#### Study material ####

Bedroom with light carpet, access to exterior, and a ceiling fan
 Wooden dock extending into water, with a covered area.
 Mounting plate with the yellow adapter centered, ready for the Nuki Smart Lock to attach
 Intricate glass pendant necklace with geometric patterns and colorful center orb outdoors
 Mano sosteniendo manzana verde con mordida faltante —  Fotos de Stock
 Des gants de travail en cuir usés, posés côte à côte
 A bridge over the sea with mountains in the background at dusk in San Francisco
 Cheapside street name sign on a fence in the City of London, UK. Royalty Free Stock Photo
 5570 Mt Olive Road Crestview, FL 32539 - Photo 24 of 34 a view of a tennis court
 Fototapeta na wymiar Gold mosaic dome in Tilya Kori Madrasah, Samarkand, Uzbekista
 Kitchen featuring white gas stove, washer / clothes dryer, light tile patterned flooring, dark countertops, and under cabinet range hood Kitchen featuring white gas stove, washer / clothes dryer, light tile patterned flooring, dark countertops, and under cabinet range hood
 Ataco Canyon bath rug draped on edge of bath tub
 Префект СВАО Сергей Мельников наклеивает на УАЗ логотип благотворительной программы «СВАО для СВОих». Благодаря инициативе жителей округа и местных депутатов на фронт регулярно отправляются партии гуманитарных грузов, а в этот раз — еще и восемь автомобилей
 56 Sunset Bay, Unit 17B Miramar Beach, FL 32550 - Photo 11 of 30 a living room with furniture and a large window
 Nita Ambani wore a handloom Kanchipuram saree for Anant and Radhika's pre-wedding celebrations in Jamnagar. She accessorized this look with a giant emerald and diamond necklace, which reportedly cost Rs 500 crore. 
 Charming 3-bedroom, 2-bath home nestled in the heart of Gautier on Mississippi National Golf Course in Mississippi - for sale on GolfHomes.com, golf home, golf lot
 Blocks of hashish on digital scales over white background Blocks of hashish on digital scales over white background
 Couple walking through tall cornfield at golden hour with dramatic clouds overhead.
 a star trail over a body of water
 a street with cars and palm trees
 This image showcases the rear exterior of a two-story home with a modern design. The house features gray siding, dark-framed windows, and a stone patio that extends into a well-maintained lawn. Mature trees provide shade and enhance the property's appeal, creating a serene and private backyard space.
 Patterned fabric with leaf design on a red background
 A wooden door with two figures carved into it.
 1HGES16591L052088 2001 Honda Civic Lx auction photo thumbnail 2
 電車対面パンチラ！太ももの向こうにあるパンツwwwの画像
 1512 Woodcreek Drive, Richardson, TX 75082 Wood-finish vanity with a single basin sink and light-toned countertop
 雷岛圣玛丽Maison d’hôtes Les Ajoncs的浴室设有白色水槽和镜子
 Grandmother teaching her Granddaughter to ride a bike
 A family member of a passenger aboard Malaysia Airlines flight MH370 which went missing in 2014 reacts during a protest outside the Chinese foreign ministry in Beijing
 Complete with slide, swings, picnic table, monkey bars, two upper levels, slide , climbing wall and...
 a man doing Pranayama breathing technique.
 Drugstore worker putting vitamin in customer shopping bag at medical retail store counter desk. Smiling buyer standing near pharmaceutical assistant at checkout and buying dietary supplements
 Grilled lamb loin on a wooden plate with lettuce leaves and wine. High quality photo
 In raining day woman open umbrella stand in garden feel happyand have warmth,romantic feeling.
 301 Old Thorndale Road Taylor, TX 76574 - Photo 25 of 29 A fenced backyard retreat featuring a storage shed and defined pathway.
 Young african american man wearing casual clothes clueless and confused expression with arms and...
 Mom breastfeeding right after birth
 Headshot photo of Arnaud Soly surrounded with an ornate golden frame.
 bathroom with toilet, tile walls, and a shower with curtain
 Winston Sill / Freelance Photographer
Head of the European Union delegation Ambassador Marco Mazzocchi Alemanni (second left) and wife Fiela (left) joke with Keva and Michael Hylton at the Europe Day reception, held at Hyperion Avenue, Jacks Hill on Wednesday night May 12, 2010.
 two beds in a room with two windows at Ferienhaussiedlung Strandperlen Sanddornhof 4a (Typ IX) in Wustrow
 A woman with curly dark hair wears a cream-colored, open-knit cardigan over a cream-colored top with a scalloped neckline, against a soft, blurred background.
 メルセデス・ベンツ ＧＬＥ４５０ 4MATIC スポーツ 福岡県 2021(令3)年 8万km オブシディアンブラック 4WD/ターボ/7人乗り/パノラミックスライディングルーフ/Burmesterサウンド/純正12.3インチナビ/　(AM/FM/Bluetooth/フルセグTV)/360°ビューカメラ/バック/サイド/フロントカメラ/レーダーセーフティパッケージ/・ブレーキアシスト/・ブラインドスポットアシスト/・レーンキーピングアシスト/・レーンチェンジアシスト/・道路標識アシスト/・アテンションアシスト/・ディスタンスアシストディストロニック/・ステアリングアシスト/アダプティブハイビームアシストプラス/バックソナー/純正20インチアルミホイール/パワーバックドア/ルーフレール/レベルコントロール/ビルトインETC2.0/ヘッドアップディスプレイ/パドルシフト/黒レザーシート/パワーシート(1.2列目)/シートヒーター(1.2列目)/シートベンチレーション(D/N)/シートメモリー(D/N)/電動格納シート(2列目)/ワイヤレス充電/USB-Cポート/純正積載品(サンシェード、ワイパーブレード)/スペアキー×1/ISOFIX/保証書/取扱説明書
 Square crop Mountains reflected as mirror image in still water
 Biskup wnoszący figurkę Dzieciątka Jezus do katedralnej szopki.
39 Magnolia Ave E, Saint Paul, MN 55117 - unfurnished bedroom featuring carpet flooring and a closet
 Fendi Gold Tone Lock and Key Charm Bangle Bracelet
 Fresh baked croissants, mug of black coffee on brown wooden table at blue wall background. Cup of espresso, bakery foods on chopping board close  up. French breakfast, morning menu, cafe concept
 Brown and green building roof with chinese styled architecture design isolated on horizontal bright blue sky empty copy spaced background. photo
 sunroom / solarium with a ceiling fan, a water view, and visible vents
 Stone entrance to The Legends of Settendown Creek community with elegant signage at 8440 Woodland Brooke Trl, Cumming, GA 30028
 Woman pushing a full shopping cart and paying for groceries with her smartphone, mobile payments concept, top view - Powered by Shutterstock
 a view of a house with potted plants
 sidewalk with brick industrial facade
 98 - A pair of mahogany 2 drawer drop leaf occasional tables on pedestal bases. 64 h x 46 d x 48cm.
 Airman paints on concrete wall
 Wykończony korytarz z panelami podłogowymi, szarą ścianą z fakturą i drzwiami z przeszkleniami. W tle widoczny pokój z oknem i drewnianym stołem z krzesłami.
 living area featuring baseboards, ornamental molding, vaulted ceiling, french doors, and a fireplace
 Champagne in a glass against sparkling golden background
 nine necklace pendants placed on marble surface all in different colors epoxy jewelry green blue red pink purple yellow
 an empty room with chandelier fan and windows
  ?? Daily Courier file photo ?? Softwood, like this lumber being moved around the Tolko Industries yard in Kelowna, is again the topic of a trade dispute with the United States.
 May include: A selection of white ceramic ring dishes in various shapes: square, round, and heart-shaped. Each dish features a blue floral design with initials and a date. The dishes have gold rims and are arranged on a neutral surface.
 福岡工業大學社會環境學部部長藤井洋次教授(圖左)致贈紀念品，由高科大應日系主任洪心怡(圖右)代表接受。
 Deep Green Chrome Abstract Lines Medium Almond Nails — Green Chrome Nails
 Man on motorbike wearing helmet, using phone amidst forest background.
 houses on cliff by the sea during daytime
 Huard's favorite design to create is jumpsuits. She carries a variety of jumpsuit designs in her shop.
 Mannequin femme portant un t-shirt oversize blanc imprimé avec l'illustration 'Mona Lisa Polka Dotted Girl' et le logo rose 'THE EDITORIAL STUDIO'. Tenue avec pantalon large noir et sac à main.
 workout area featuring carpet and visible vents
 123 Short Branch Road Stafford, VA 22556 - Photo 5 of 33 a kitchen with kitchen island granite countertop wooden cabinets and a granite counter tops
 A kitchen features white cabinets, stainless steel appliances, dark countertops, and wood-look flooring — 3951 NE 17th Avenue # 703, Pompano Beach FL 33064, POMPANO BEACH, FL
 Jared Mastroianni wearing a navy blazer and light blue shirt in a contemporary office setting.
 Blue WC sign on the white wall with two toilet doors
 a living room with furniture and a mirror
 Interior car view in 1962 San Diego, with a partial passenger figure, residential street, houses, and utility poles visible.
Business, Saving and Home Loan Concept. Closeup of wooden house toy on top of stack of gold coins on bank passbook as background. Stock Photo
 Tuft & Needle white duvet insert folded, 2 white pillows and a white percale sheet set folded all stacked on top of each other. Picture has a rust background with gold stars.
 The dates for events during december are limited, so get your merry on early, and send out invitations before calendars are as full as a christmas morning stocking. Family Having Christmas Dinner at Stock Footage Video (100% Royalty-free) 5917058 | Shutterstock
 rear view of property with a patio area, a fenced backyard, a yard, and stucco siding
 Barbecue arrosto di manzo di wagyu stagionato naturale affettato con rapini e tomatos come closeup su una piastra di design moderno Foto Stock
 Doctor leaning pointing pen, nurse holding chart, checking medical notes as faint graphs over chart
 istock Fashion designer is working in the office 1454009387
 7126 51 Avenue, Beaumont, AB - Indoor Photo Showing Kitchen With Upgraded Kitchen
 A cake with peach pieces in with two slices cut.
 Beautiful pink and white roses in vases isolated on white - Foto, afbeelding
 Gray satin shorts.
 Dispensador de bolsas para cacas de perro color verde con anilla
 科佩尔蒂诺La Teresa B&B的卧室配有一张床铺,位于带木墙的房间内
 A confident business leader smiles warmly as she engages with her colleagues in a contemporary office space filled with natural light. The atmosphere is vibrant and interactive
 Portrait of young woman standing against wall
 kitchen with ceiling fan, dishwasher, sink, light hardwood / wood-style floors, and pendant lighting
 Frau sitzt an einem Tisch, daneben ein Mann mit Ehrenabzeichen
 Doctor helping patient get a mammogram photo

####

### [What to do]
Reproduce the records above exactly, from the first line to the line that holds "5570 Mt Olive", inclusive, and omit everything after it.

### [Response box]
Bedroom with light carpet, access to exterior, and a ceiling fan
 Wooden dock extending into water, with a covered area.
 Mounting plate with the yellow adapter centered, ready for the Nuki Smart Lock to attach
 Intricate glass pendant necklace with geometric patterns and colorful center orb outdoors
 Mano sosteniendo manzana verde con mordida faltante —  Fotos de Stock
 Des gants de travail en cuir usés, posés côte à côte
 A bridge over the sea with mountains in the background at dusk in San Francisco
 Cheapside street name sign on a fence in the City of London, UK. Royalty Free Stock Photo
 5570 Mt Olive Road Crestview, FL 32539 - Photo 24 of 34 a view of a tennis court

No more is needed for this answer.